- EXERCISE OBJECTIVE
Reproduce the records below exactly as they appear, omitting any pictures they contain.

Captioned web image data
= = = = = = =

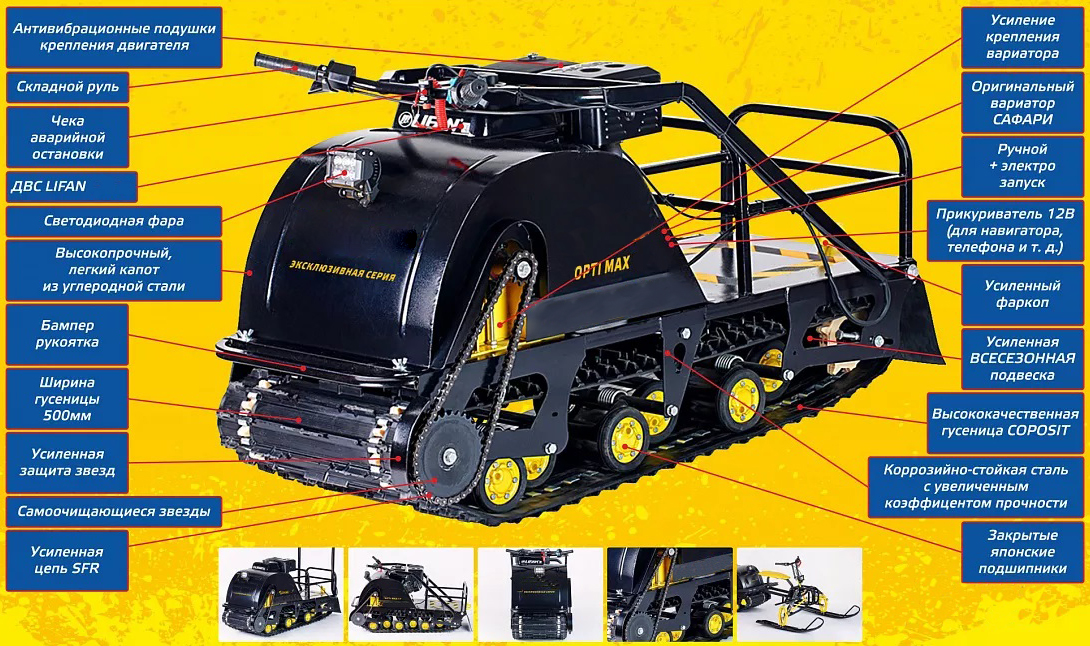 Мотобуксировщик OPTI MAX 20 в Чите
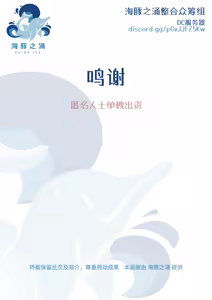 Page 31 of Otogi no Kuni Barometzia  - Fairy Tale Kingdom of Barometzia | 梦幻之国巴罗梅齐亚 - preview thumbnail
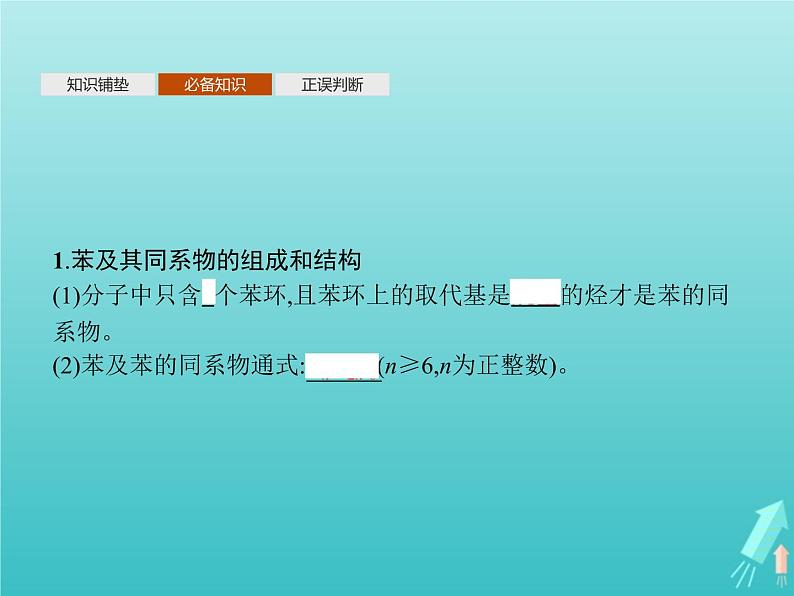 鲁科版高中化学选择性必修3第1章有机化合物的结构与性质烃第3节第3课时苯苯的同系物及其性质课件04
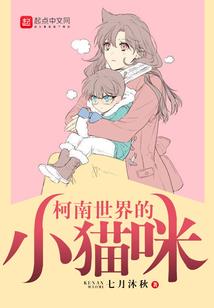 易碎界
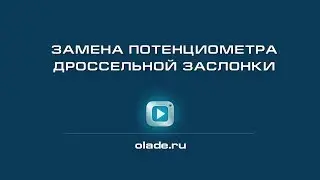 Замена потенциометра дроссельной заслонки. Лада Калина (Lada Kalina - AvtoVAZ)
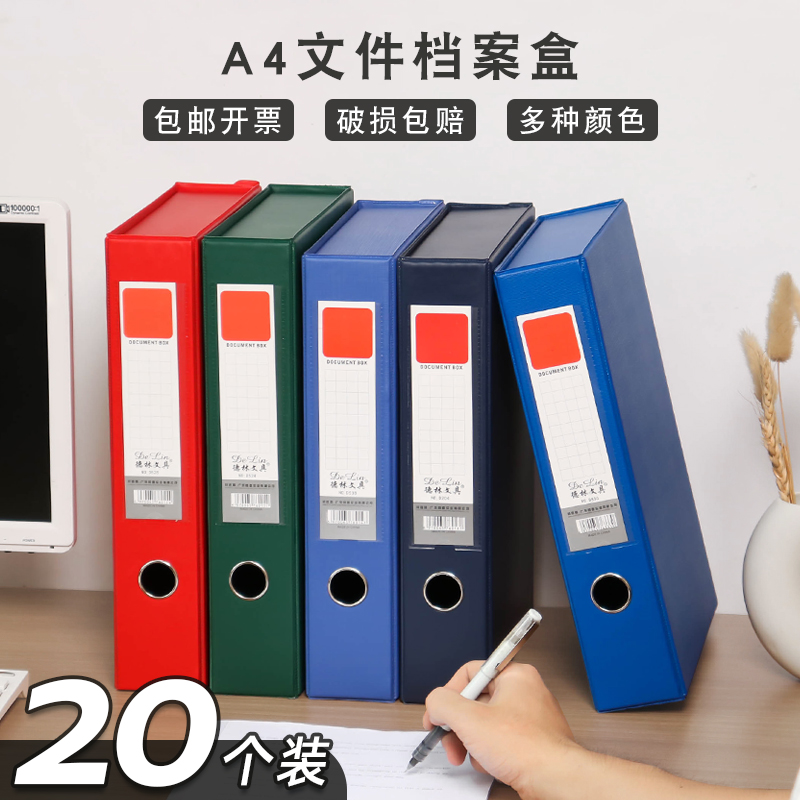 Thick A4 3 inch with label iron clip pvc cardboard accounting certificate office file box can be customized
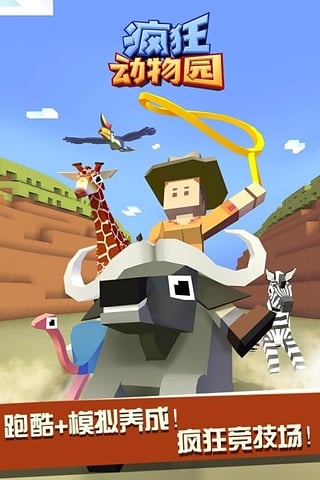 疯狂动物园1.8.0内购破解版 v1.8.0 无限金币截图1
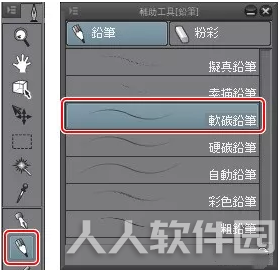 绘画教程4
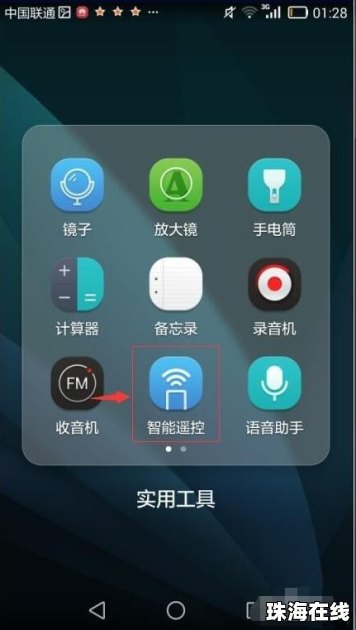 华为手机应用怎么重叠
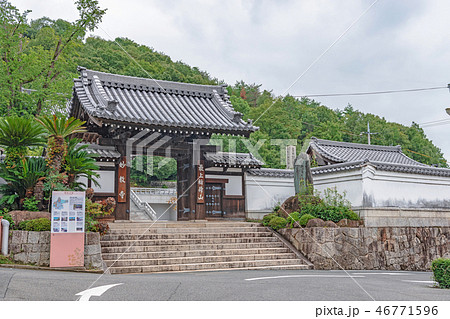 最上稲荷山妙教寺 最上稲荷山妙教寺 46771596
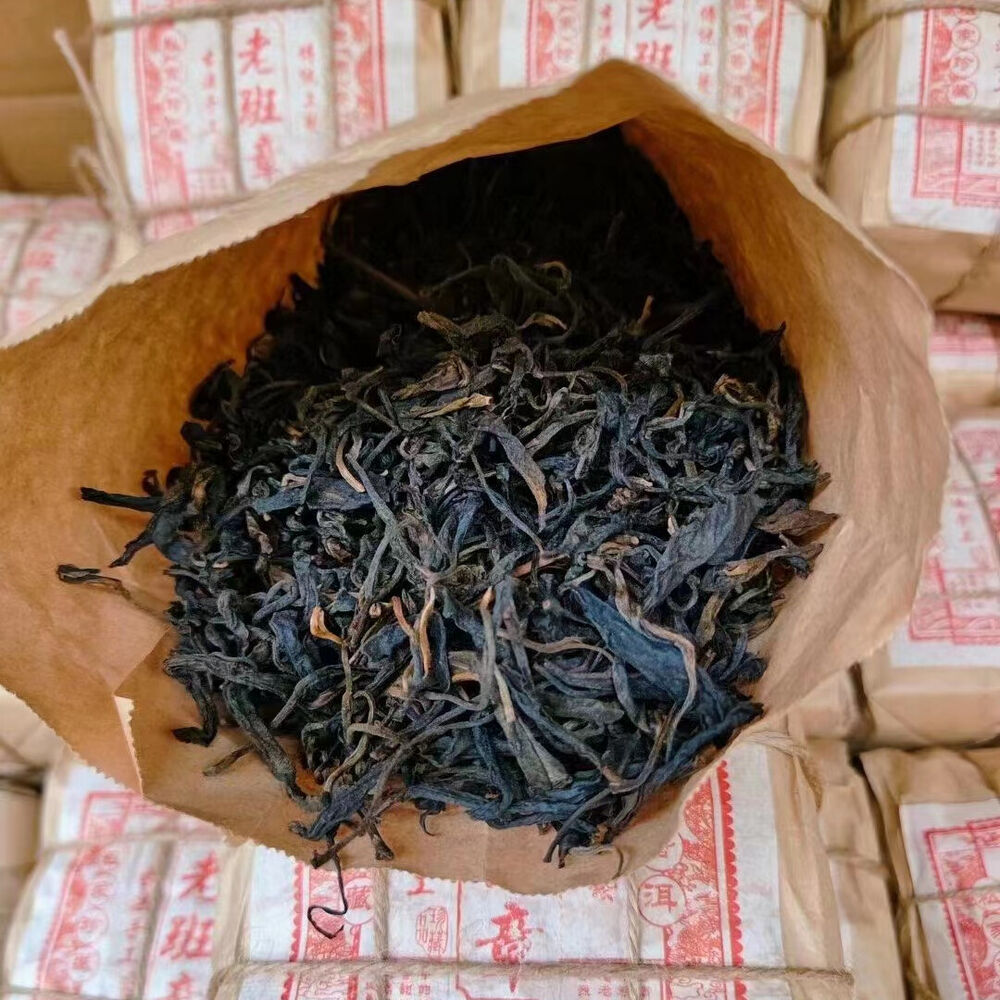 250g Yunnan Old Ripe Pu-erh Tea Laobanzhang Loose Leaf Aged Puer Cooked Tea Secondary image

= = = = = = =

- ANSWER SPACE
 Мотобуксировщик OPTI MAX 20 в Чите
 Page 31 of Otogi no Kuni Barometzia  - Fairy Tale Kingdom of Barometzia | 梦幻之国巴罗梅齐亚 - preview thumbnail
 鲁科版高中化学选择性必修3第1章有机化合物的结构与性质烃第3节第3课时苯苯的同系物及其性质课件04
 易碎界
 Замена потенциометра дроссельной заслонки. Лада Калина (Lada Kalina - AvtoVAZ)
 Thick A4 3 inch with label iron clip pvc cardboard accounting certificate office file box can be customized
 疯狂动物园1.8.0内购破解版 v1.8.0 无限金币截图1
 绘画教程4
 华为手机应用怎么重叠
 最上稲荷山妙教寺 最上稲荷山妙教寺 46771596
 250g Yunnan Old Ripe Pu-erh Tea Laobanzhang Loose Leaf Aged Puer Cooked Tea Secondary image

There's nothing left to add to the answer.